Wednesday , 19 February 2020

How Access Bank is addressing malaria eradication on the continent

Eradication isn’t the first thing that comes to mind when one imagines an established brand like Access Bank. However, as the American philosopher Ralph Waldo Emerson made the connection between health and wealth centuries ago, a world-class financial institution in the mould of Access Bank can definitely appreciate the all-encompassing importance of a healthy population.

From the socio-economic to the political, every aspect of living is affected by good health – or the lack of it – and is for this reason that Access Bank under the leadership of Herbert Wigwe has risen to the challenge of eradicating malaria, a disease that mostly threatens the health conditions of sub-Saharan Africa.

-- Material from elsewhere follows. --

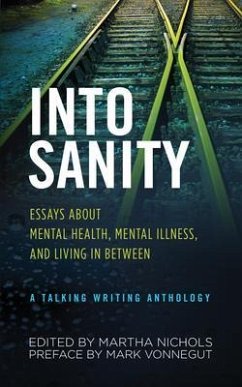 Cover Into Sanity (eBook, ePUB)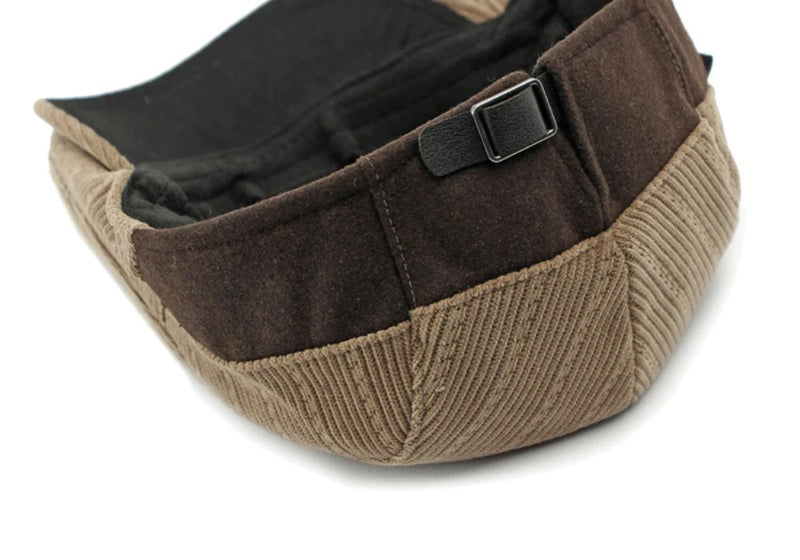 Boina Masculina Estilo Europeu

According to the World Health Organisation, the African region carries an excessively high share of the global malaria burden. In 2018 alone, the region was home to 93% of malaria cases and 94% of malaria deaths. Nigeria is the most affected country on earth, contributing about 25% to the global malaria cases despite the fact that malaria, a disease caused by the plasmodium parasite is both preventable and curable. Children under five years of age are the most exposed age group. Other vulnerable categories of people include infants, pregnant women and people who are immune-compromised.

Total funding for malaria control and elimination reached an estimated US$ 2.7 billion in 2018, with contributions from governments of endemic countries amounting to US$ 900 million. Access Bank without a doubt has made a dent in these figures through its landmark partnership with the Private Sector Health Alliance of Nigeria. This unique collaboration, called the Malaria-to-Zero Initiative is an innovative financing platform that aims to galvanise private sector resources and capabilities for sustained support towards averting at least 1 million malaria cases and deaths. This programme has been an important first step towards complementing government’s effort in achieving its malaria pre-elimination goals.

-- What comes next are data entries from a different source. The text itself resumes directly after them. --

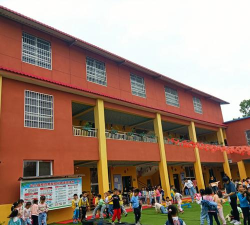 茌平县冯屯镇王相村幼儿园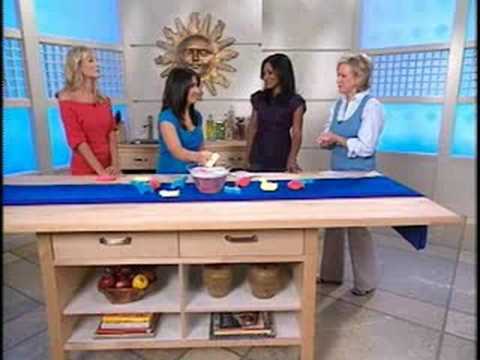 The Balancing Act Show 859 - SpongeTech - Kid's Sponge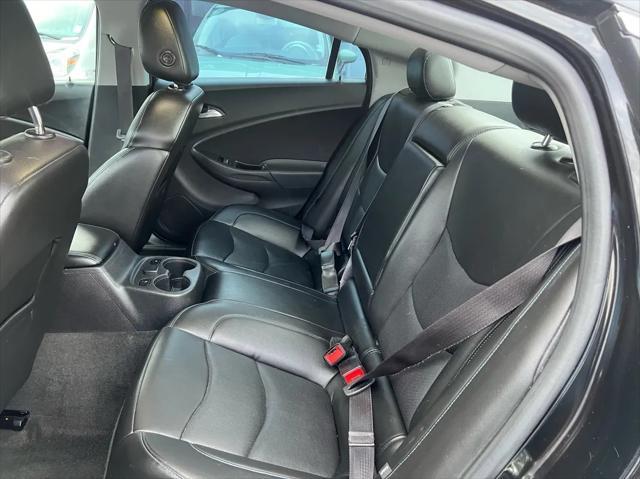 used 2017 Chevrolet Volt car, priced at $11,999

Since inception, an estimated 273,000 people have been reached, many for the first time in rural communities of Nigeria, not just with testing and treatment, but with potentially life-saving information that has been put in place to prevent the occurrence of malaria. 357 community groups have been empowered and engaged with the technical capacity to roll out useful community interventions. Over 1 million people have been reached across the length and breadth of Nigeria with information, education, and communication materials. Social media has been a useful strategy and as such, over 6 million impressions have been made across several platforms.

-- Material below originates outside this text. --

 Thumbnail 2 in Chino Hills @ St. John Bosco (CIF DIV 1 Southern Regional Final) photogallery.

Low hanging fruits will always remain easy to pluck but the Malaria-to-Zero Initiative has been just as interested in harder-to-reach communities with about 15 of these communities finally receiving intervention programmes for the first time.

Malaria in pregnancy has been one of the most important contributions to malaria morbidities and mortalities, so the Malaria-to-Zero Initiative has been tactical as well, following the evidence and the data to provide almost 5,000 women with long-lasting insecticide-treated nets (LLINs). A notable increase in demand for malaria commodities (40%) has been recorded since the intervention kicked off. The data generated from the programme has been instructive. If anything, it points to the effectiveness of structured impact-oriented approaches that can be monitored and evaluated through repeated focus group discussions. For example, so far, 90% of the recipients of the long-lasting insecticide-treated nets report that they have put them to appropriate use.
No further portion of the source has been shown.